Exercise -> In the material below, find the line with "Important-protein inhibitor in" and the line with "BACTERIOSTATIC Light Blue", then output those two lines and every line between them, exactly.

Dataset extract ->

_ _ _ _ _ _ _

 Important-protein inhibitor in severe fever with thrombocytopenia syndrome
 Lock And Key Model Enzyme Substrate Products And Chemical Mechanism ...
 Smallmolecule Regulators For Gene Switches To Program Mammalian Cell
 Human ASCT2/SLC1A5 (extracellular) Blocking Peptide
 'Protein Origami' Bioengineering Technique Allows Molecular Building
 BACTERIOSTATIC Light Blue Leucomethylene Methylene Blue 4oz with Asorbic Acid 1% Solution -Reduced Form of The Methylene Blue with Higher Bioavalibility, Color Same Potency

_ _ _ _ _ _ _

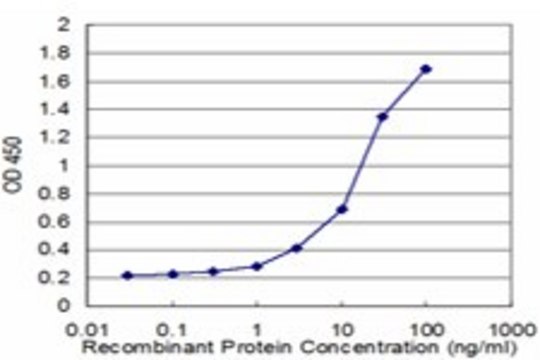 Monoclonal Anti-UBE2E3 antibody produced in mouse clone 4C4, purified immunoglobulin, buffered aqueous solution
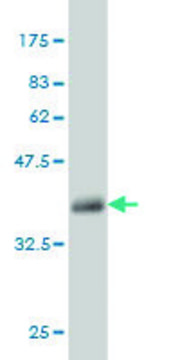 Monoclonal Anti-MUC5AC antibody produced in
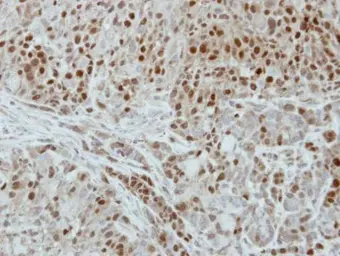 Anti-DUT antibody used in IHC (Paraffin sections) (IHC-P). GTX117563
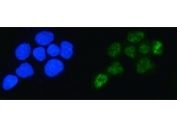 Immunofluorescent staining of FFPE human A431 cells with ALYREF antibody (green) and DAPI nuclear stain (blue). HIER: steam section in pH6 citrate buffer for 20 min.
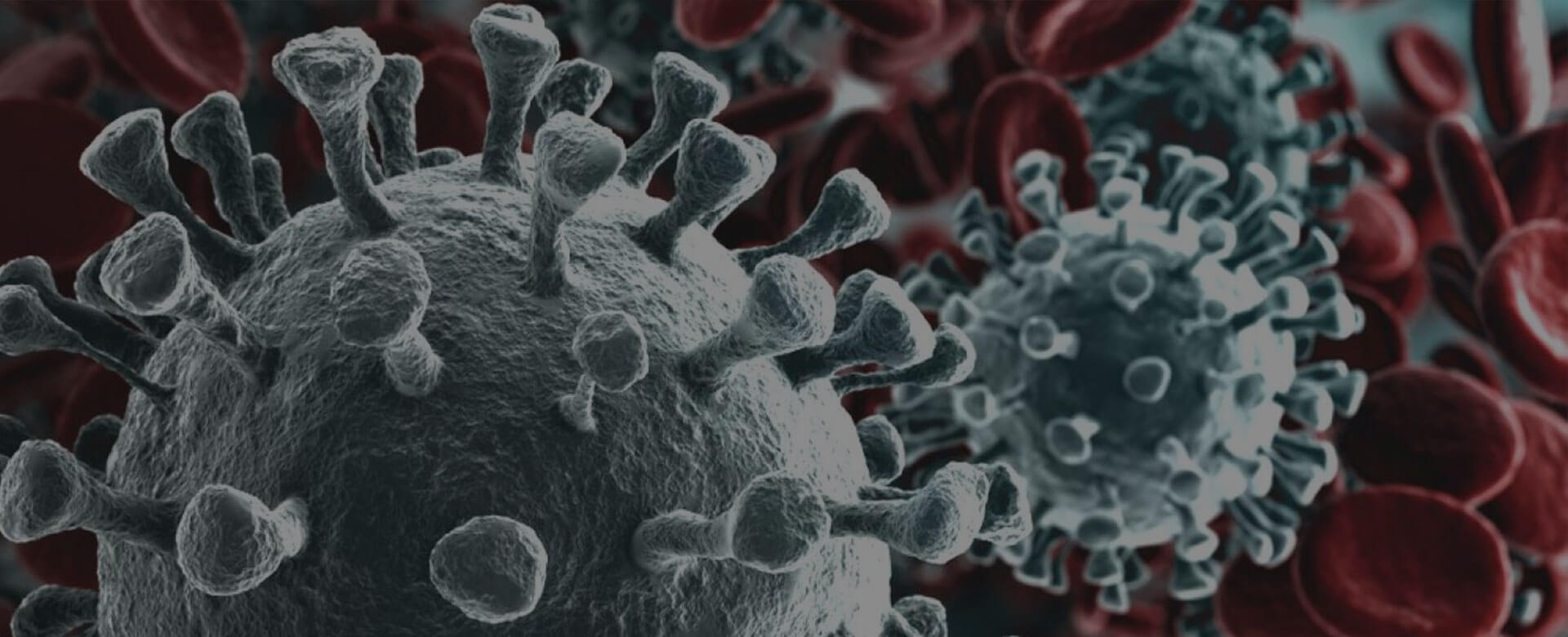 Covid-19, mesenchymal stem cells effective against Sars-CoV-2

_ _ _ _ _ _ _

Final answer ->
 Important-protein inhibitor in severe fever with thrombocytopenia syndrome
 Lock And Key Model Enzyme Substrate Products And Chemical Mechanism ...
 Smallmolecule Regulators For Gene Switches To Program Mammalian Cell
 Human ASCT2/SLC1A5 (extracellular) Blocking Peptide
 'Protein Origami' Bioengineering Technique Allows Molecular Building
 BACTERIOSTATIC Light Blue Leucomethylene Methylene Blue 4oz with Asorbic Acid 1% Solution -Reduced Form of The Methylene Blue with Higher Bioavalibility, Color Same Potency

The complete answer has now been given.